When the Arts Council England South West approached artists Becky Adams, David Mackie and Heather Parnell to commission a public work of art in the form of hundreds of different deckchairs to be sited on Weymouth’s promenade during the 2012 Olympic Games, its intention was to engage participants in creating unique patterns which - when combined - had an overall design quality.

Weymouth & Portland achieved the honour of hosting the Olympic sailing events, so considerable effort went in to decorating and presenting the town.  Through a series of workshops connecting the artists with local residents, schools, special needs centres, churches and groups, a number of ideas and themes for the deckchairs emerged. Local artists Sandra Stalker (a printmaker) and Kim Edwards (a textile artist) worked alongside Becky, David and Heather and assisted the workshop participants in exploring those aspects that make Weymouth and Portland distinct – and it was these that resulted in the creation of the three main themes: local architecture, seaside activities / nostalgia and the seashore.

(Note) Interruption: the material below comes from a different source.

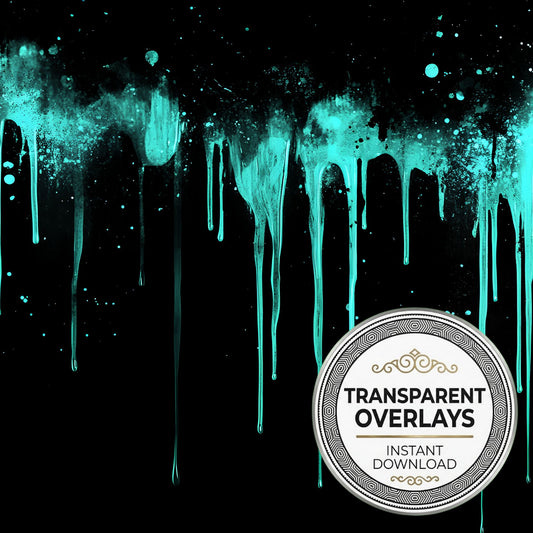 Teal Paint Drips Glowing Paint Transparent Overlay Pngs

The artists gathered the material from the residents and developed the two core aspects of the project: ensuring a collective quality to the mass result, whilst maintaining the original creator’s idea. Delivering such a variety of designs – all unique – required investigation into production methods and digital textile printing was deemed the only viable route. Traditional methods would have been far too cumbersome and costly; the beauty of digital production ensured the quality of design was maintained, that vibrant, consistent and long lasting colours were achieved and the project kept to budget.

Heather Parnell and her fellow lead artists on the project have extensive experience of public art commissions and residencies.  She comments, “We liked this project because it looked like it would not only be fun, but give us a chance to embrace colour and seaside culture - from Punch & Judy to the prehistoric fossils of the Jurassic coast.  Additionally, we were also very interested in working with – and finding out more about - industrial print and textiles.”

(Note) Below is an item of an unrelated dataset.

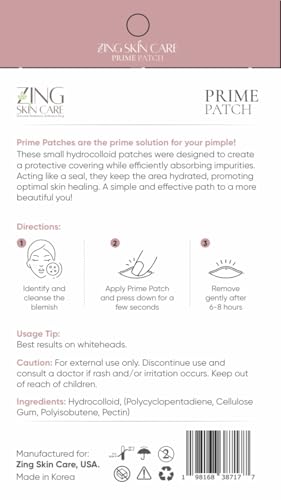 Zing Prime Clear Hydrocolloid Pimple Patches 45 Count - Vegan Acne Dots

The final prints were produced on a Mimaki JV33 wide format dye sublimation printer. Whilst digital print was the only viable production method, it still presented a challenge as every single piece of artwork required preparing individually, but as Parnell confirms, it had enormous advantages.  “Manufacturing the deckchairs in the UK and producing them digitally was a great example of the wonderful versatility of contemporary commercial print. I did my first degree in fine art printmaking and a screen printed process could not have coped with so many individual designs.”

Although the core drive for this project was creative and community involvement, close tabs still needed to be kept on the costs. Parnell notes that this was only possible with the use of digital production. “Modern digital processes can provide single prints without set up costs breaking the bank.”

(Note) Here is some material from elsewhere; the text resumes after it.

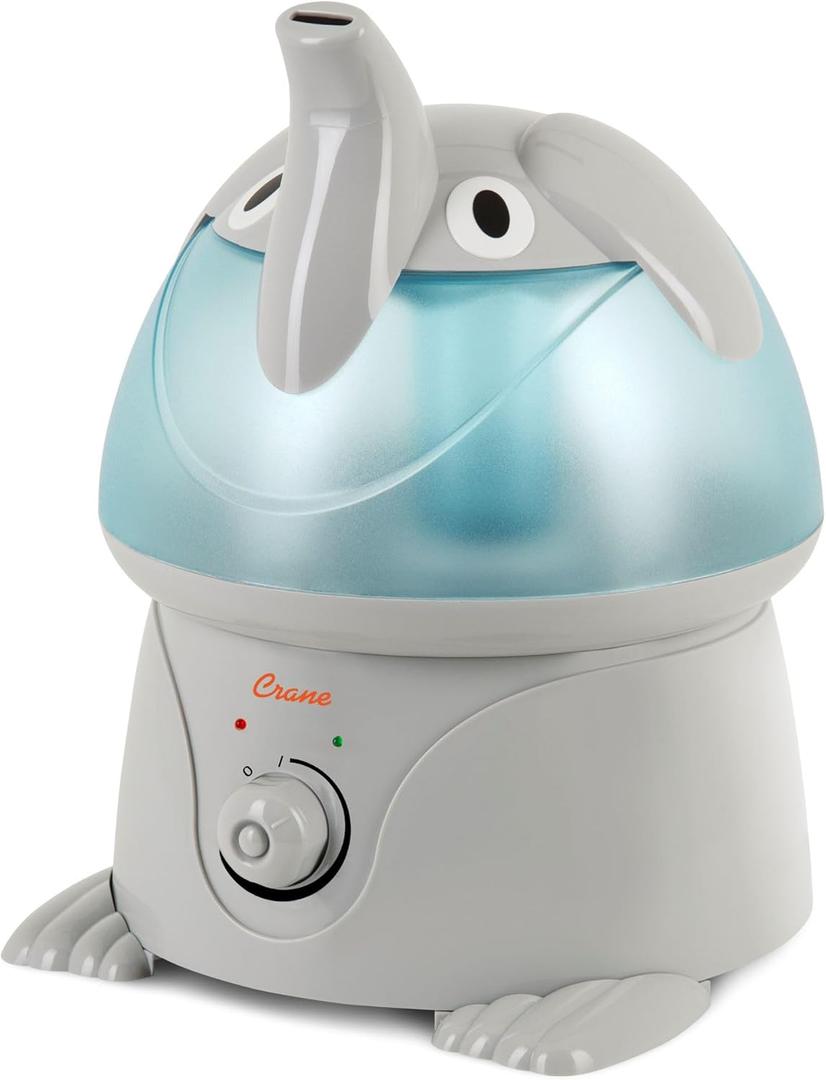 Crane Ultrasonic Elephant Humidifier, 1 Gallon Cool Mist Animal Humidifier for Nursery and Bedroom, Auto Shut-Off, Optional Filter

International visitors - as well as the local residents of Weymouth and Portland - have taken the finished works to heart, enjoying the new addition to their famous promenade and sharing photographs and opinion via blogs and social media sites. The project blog at http://olympicdeckchairs.tumblr.com has had visits from around the world and shows off a range of images taken as the project evolved throughout the last 18 months.

Parnell concludes, “Digital print has changed the possibilities of what is produced and by whom. The intensity and fastness of colour, sharpness of images, scale of production, small print runs, turnaround time and cost make it a very versatile, high quality and attractive option.”

The deckchairs will feature throughout the 2012 Olympics and Paralympics on the Georgian seafront in Weymouth – home of the sailing and windsurfing regatta.